The second and major part of the book is devoted to an analysis of Johnson's mature position on certain basic issues. Chapin considers Johnson's attitude toward evidences, arguing that Johnson attempted to establish revelation by grounding it in history. He maintains that Johnson did not distinguish between Christian and non-Christian ethics, and that it was the eschatology of Christianity that he valued particularly. The intensity of Johnson's fear of death and judgment is a measure of the intensity of his faith. Chapin considers problems of evil, of free will, and of foreknowledge and necessity as Johnson struggled with them. Writers that Johnson referred to argued that foreknowledge does not imply necessity, but Chapin maintains that Johnson was not convinced by these arguments. Experience, Johnson saw, was on the side of free will, and for him this took precedence over theory.

The author then turns to Johnson's social and political attitudes. His loyalty to the Church shaped other conservative attitudes.

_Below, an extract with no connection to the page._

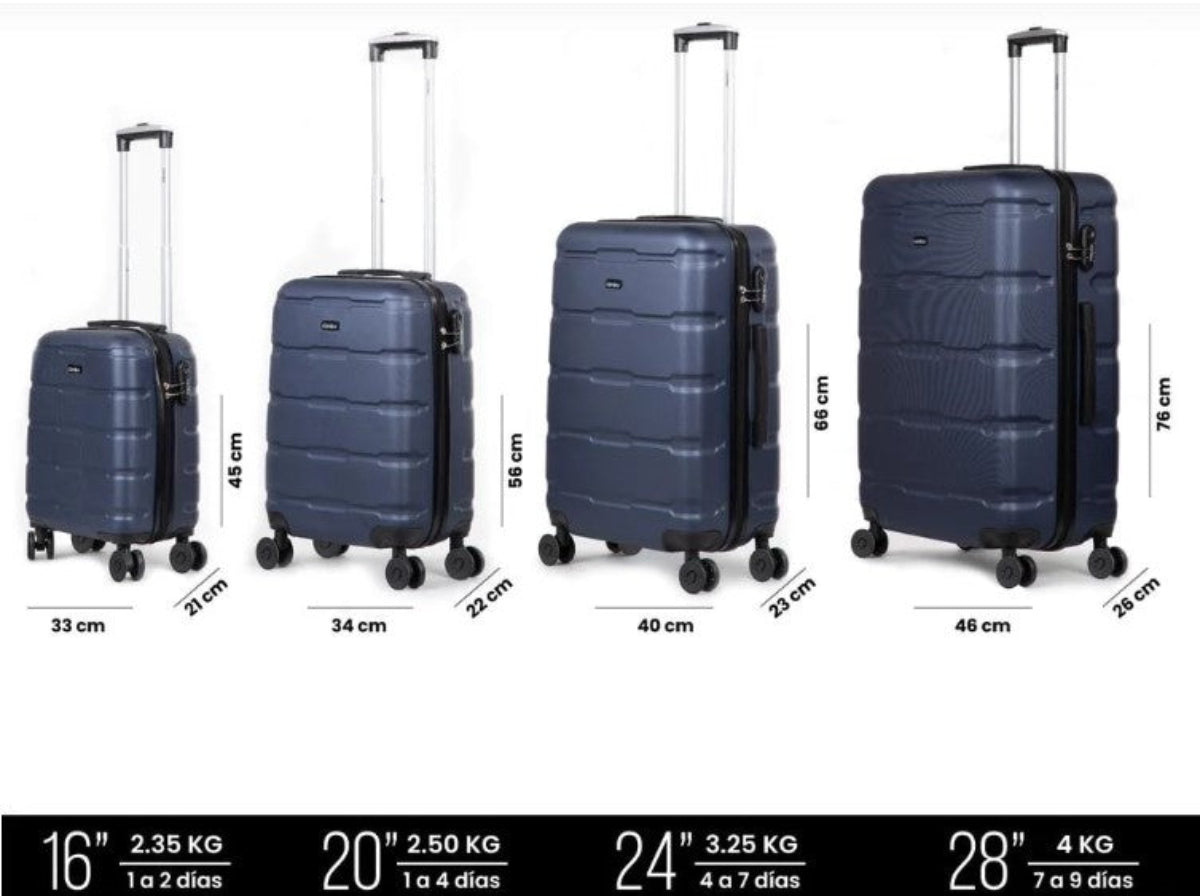 Juego de 4 Maletas de Viaje Rigidas con Ruedas 360 color Negro + Bolsas de Viaje
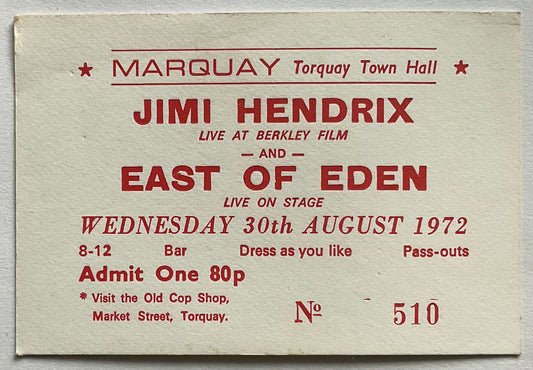 Jimi Hendrix East of Eden Original Concert Ticket Marquay Club Torquay Town Hall 1972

Johnson did not assert that the ultimate conversion of all men to Christianity was part of God's plan, and his attitude toward the non-Christian world approached that of live and let live. Johnson was not a relativist. Since men have the ability to distinguish good from evil, it follows that there is an objective moral order in the world.

Finally, Chapin reviews the problem of human life, which so occupied Johnson's mind, and states that for Johnson religion was the only rational solution to this problem.

Chapin also presents the position of Hume and other 18th-century intellectuals and provides a carefully reasoned argument concerning various questions of theology.